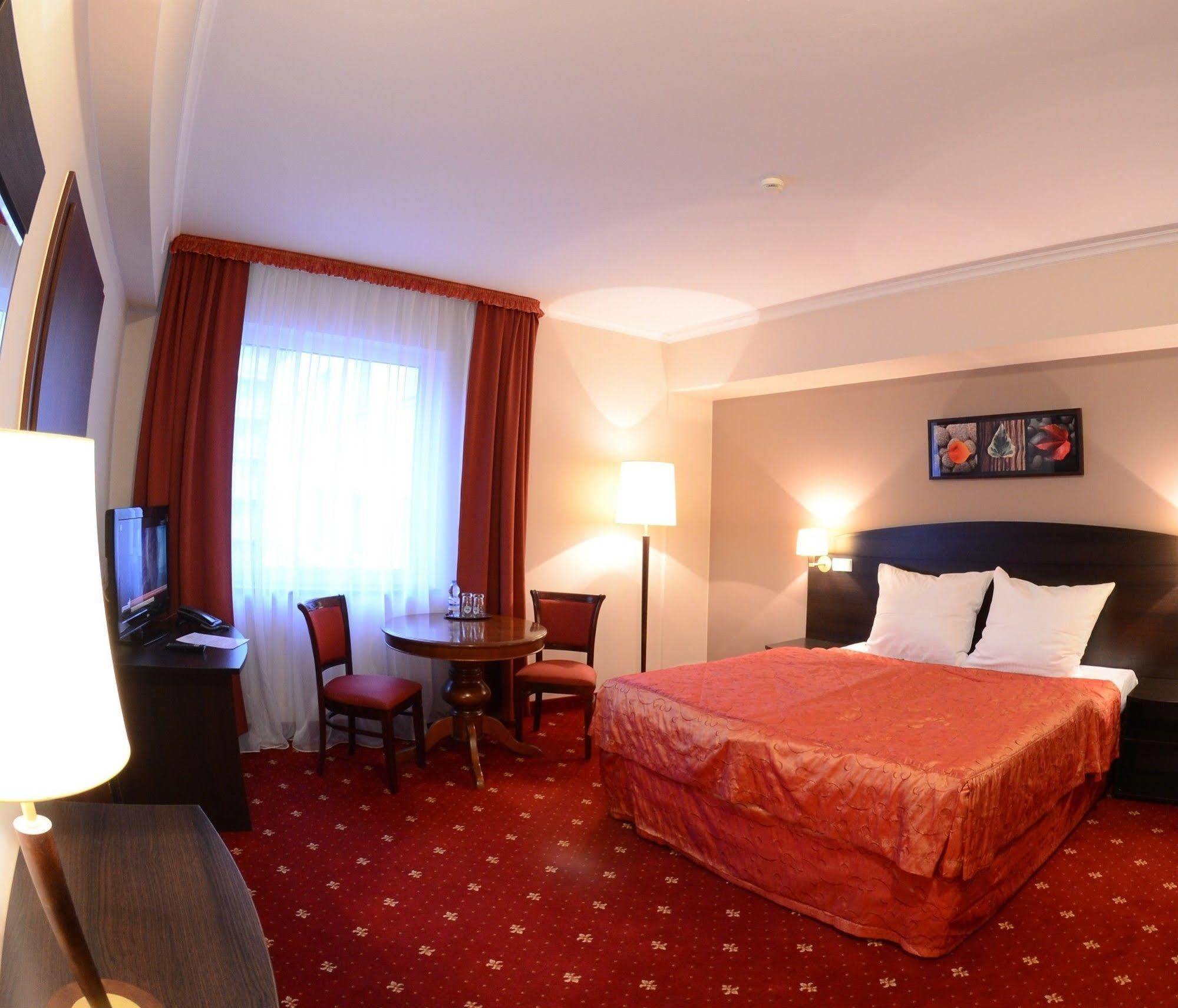 Hotel San Remo Zgierz Zewnętrze zdjęcie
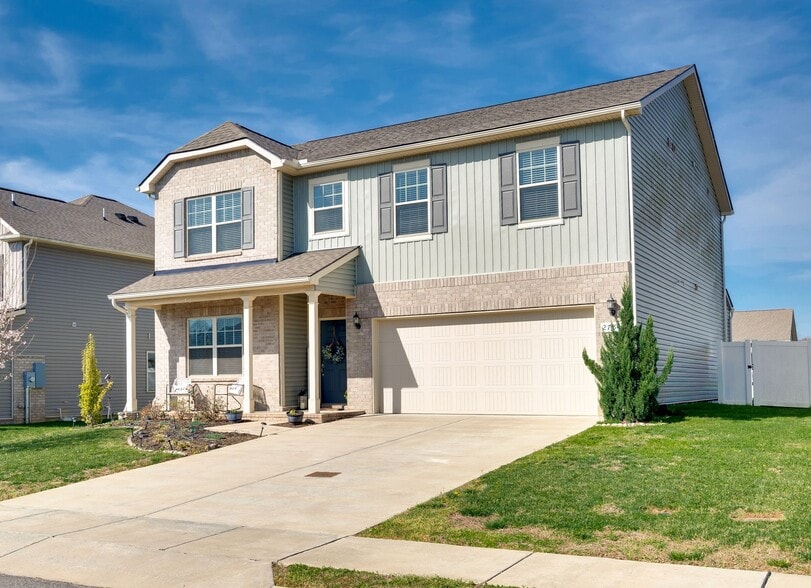 Building Photo - 2784 Nottingham Dr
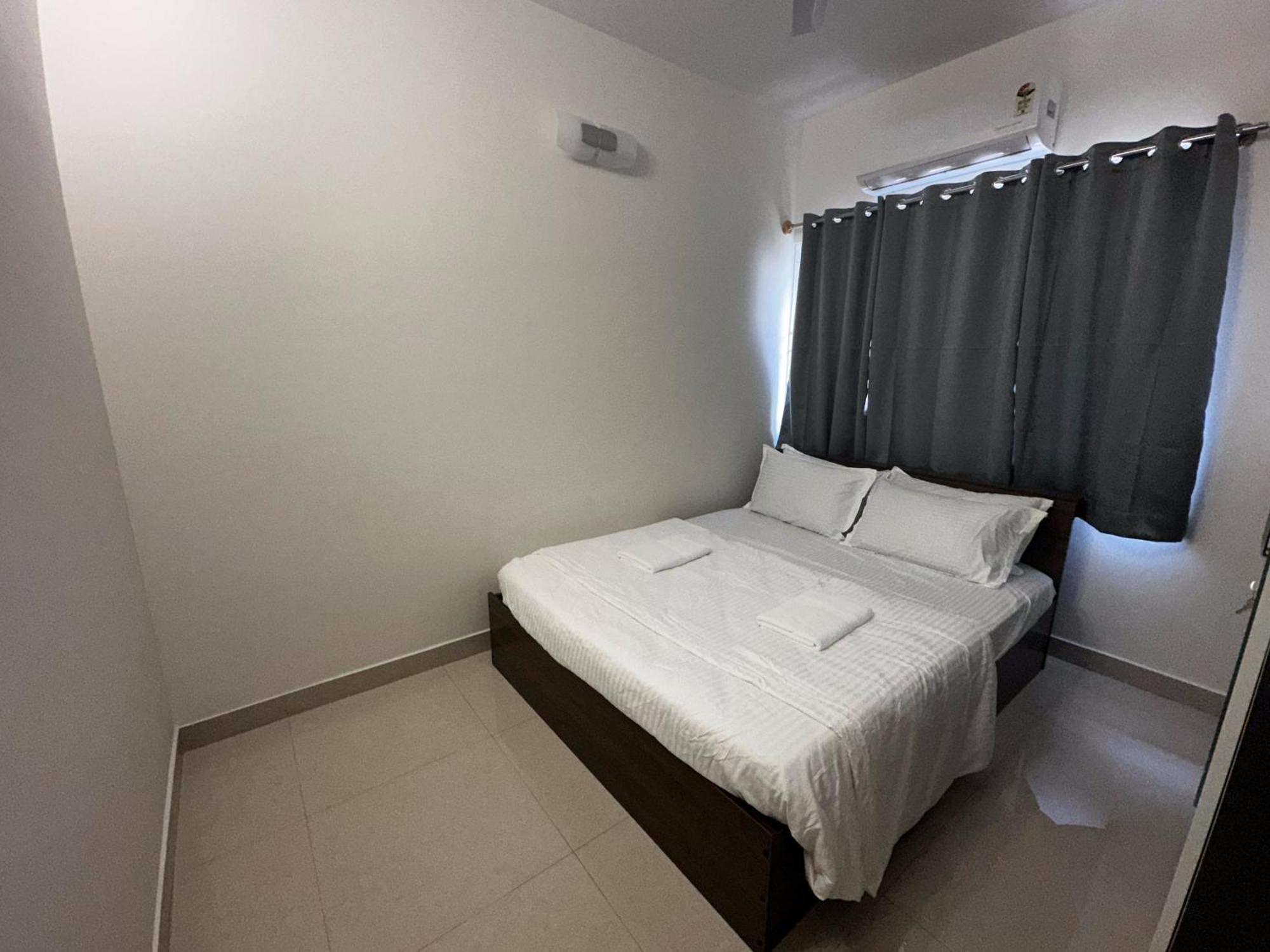 Trinetra Homes 102 Hotel 3*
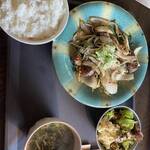 ヤキニクライオン オクマ - 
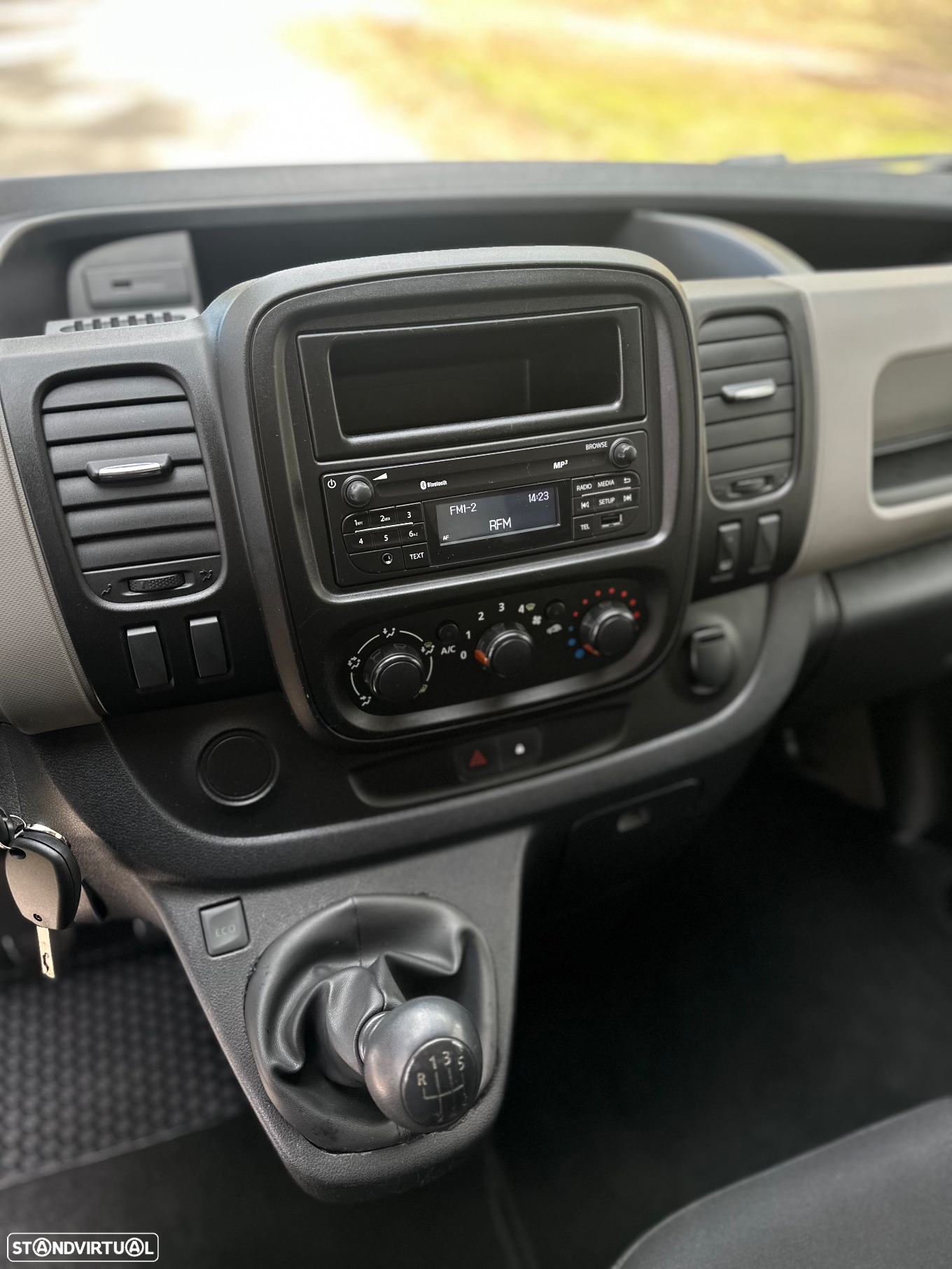 Nissan NV300 - 16
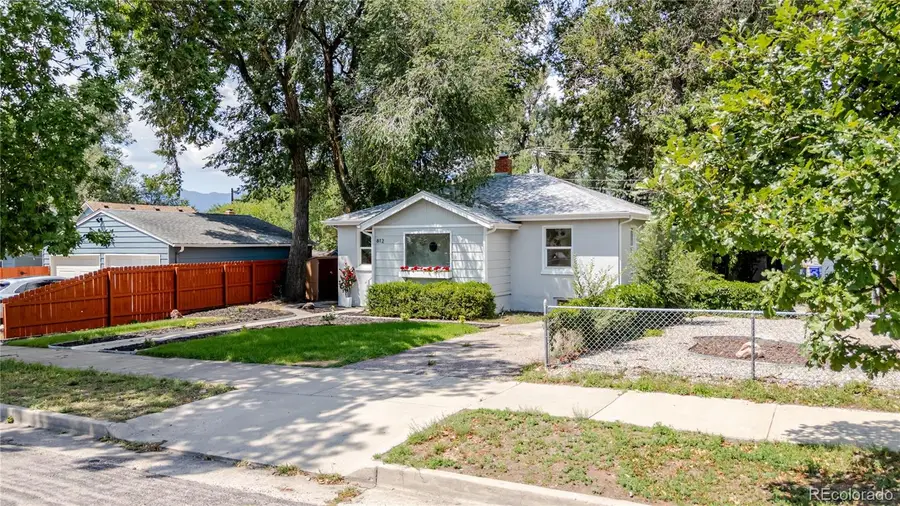 812 N Institute Street, Colorado Springs, CO 80903 - #3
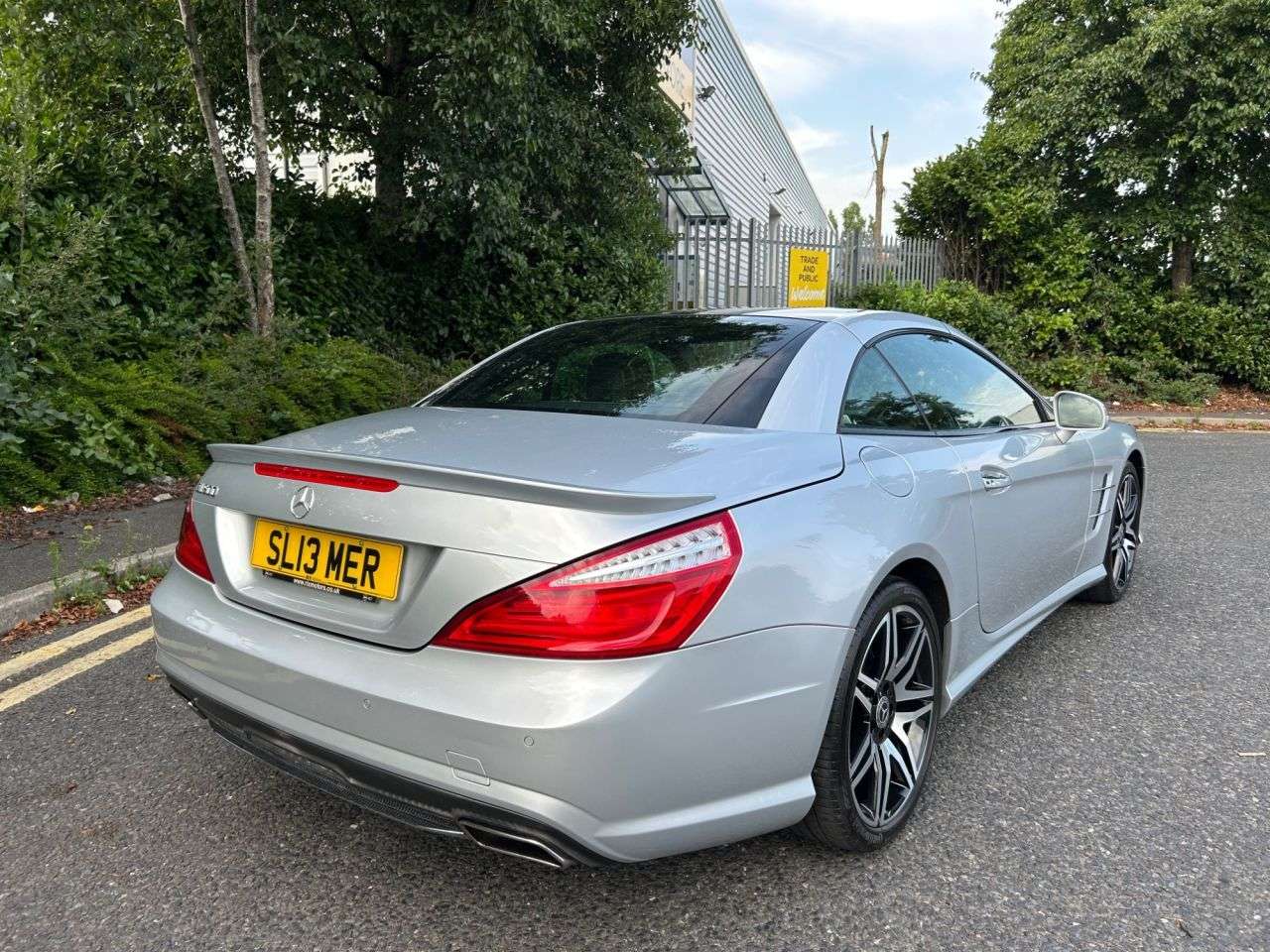 A 2013 MERCEDES-BENZ SL 4.7 SL500 V8 BlueEfficiency Convertible 2dr Petrol G-Tronic Euro 5 (s/s) (4 A 2013 MERCEDES-BENZ SL 4.7 SL500 V8 BlueEfficiency Convertible 2dr Petrol G-Tronic Euro 5 (s/s) (4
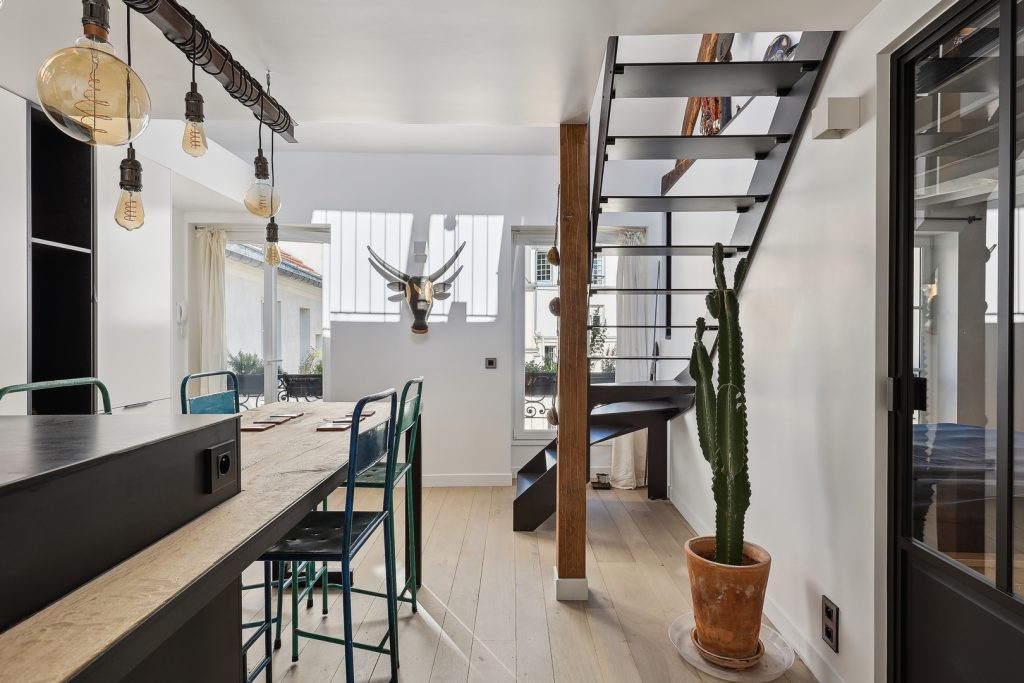 vous souhaitez rénover un loft à paris 11 ? découvrez nos conseils et services pour transformer votre espace avec style, optimiser les volumes et moderniser votre intérieur au cœur du 11e arrondissement de paris.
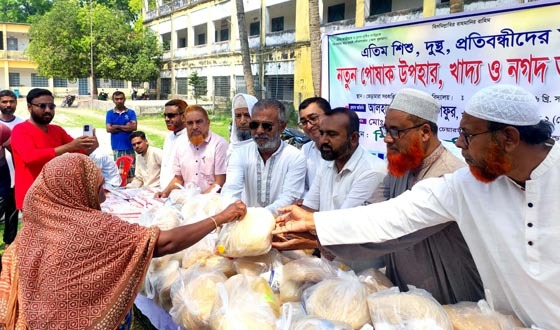 ভেড়ামারায় এতিম শিশুদের নতুন পোষাক ও দুস্থদের উপহার বিতরণ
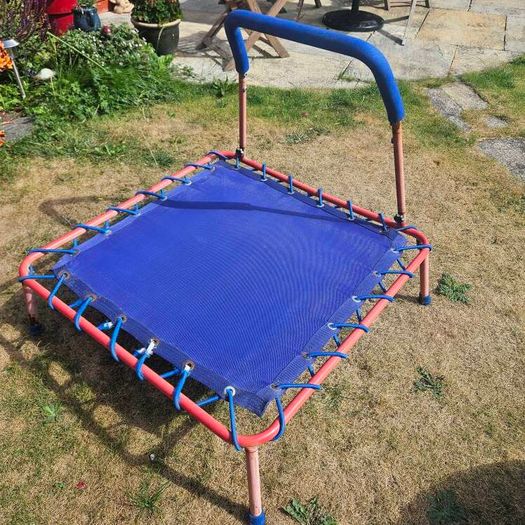 kids trampoline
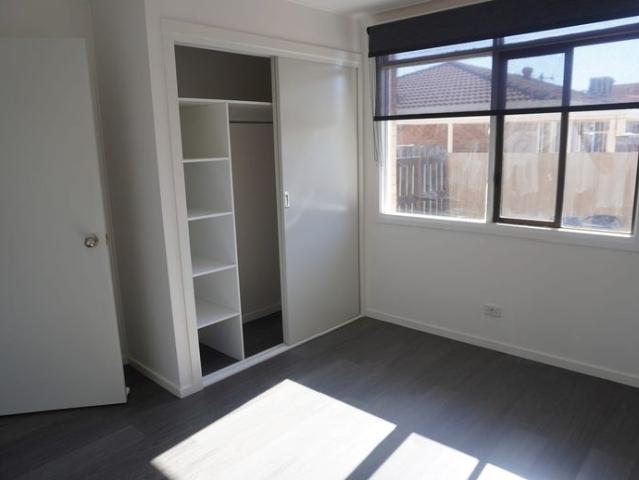 Beautifully renovated 2 bedroom unit is now available!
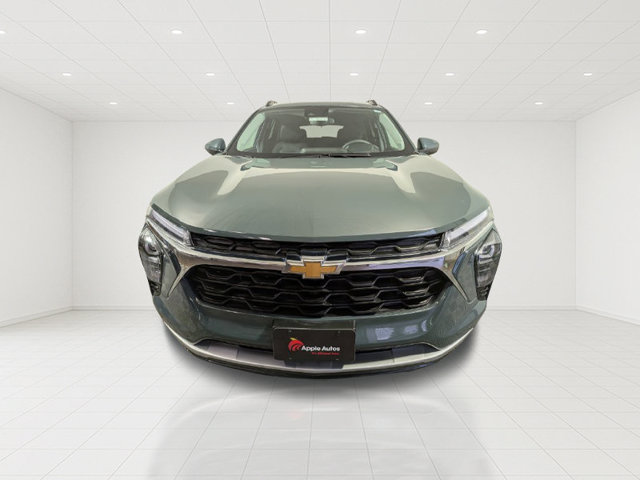 Used 2025 Chevrolet Trax LT FWD image 2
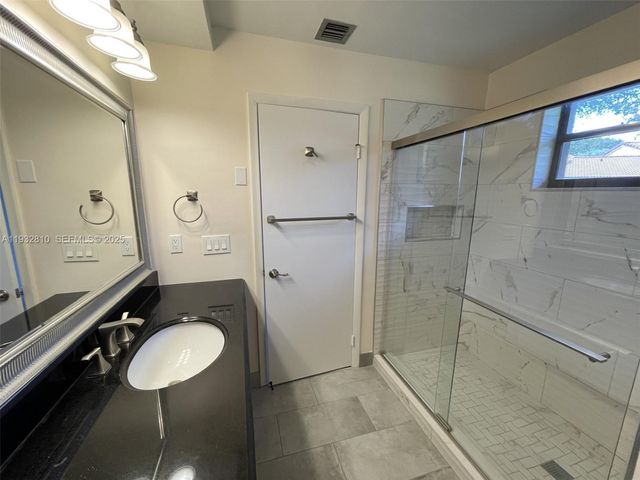 16606 Greens Edge Cir 87, Weston, FL 33326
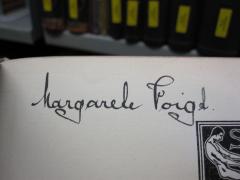 D51 / 61 (Voigt, Margarete), Von Hand: Autogramm, Name; 'Margarete Voigt'. 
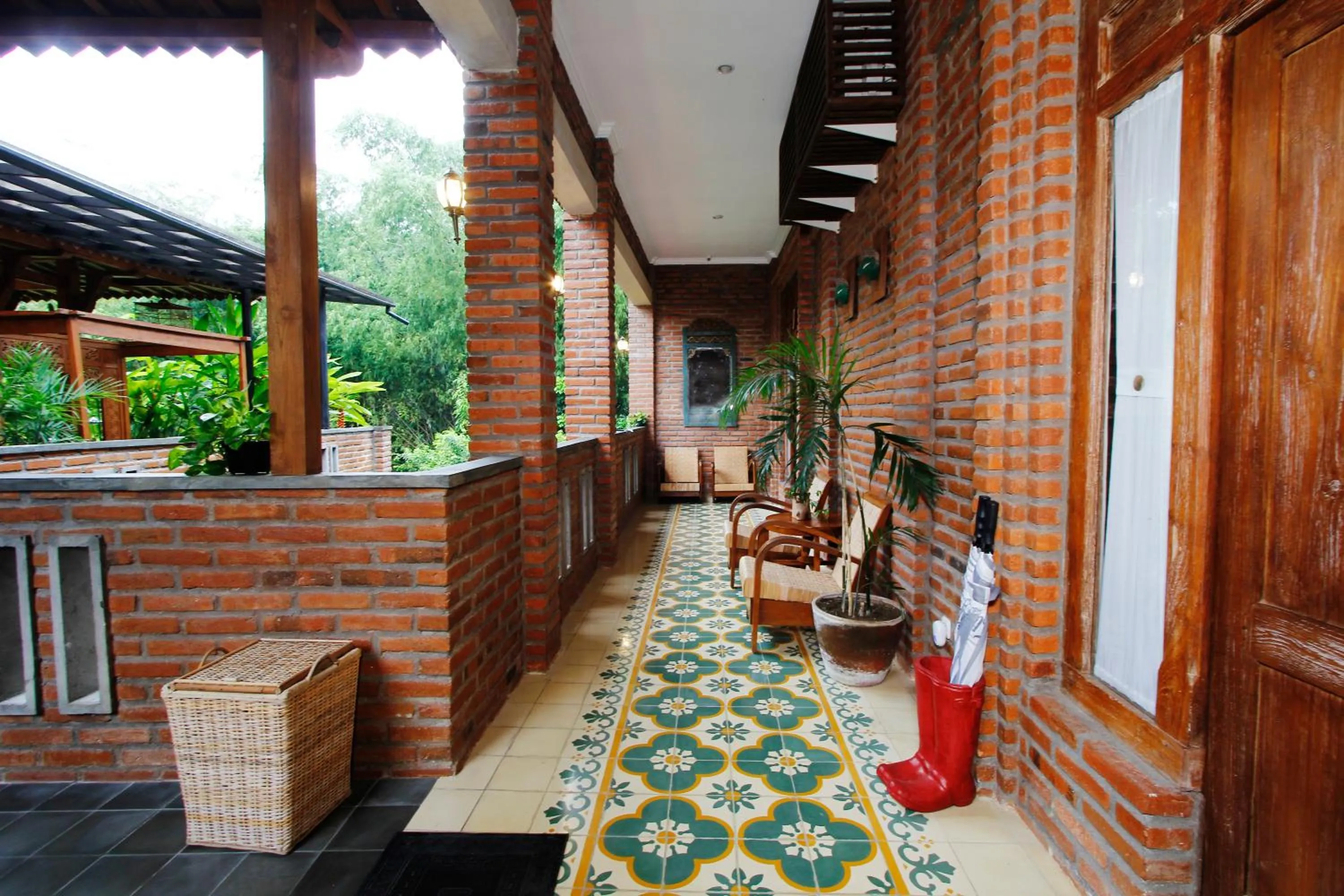 Deluxe Twin Room in Joglo Mandapa Boutique Hotel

-=-=-=-=-

YOUR TASK: Please retype the data exactly, but do not carry over any picture.

EXPECTED ANSWER:
 Hotel San Remo Zgierz Zewnętrze zdjęcie
 Building Photo - 2784 Nottingham Dr
 Trinetra Homes 102 Hotel 3*
 ヤキニクライオン オクマ - 
 Nissan NV300 - 16
 812 N Institute Street, Colorado Springs, CO 80903 - #3
 A 2013 MERCEDES-BENZ SL 4.7 SL500 V8 BlueEfficiency Convertible 2dr Petrol G-Tronic Euro 5 (s/s) (4 A 2013 MERCEDES-BENZ SL 4.7 SL500 V8 BlueEfficiency Convertible 2dr Petrol G-Tronic Euro 5 (s/s) (4
 vous souhaitez rénover un loft à paris 11 ? découvrez nos conseils et services pour transformer votre espace avec style, optimiser les volumes et moderniser votre intérieur au cœur du 11e arrondissement de paris.
 ভেড়ামারায় এতিম শিশুদের নতুন পোষাক ও দুস্থদের উপহার বিতরণ
 kids trampoline
 Beautifully renovated 2 bedroom unit is now available!
 Used 2025 Chevrolet Trax LT FWD image 2
 16606 Greens Edge Cir 87, Weston, FL 33326
 D51 / 61 (Voigt, Margarete), Von Hand: Autogramm, Name; 'Margarete Voigt'. 
 Deluxe Twin Room in Joglo Mandapa Boutique Hotel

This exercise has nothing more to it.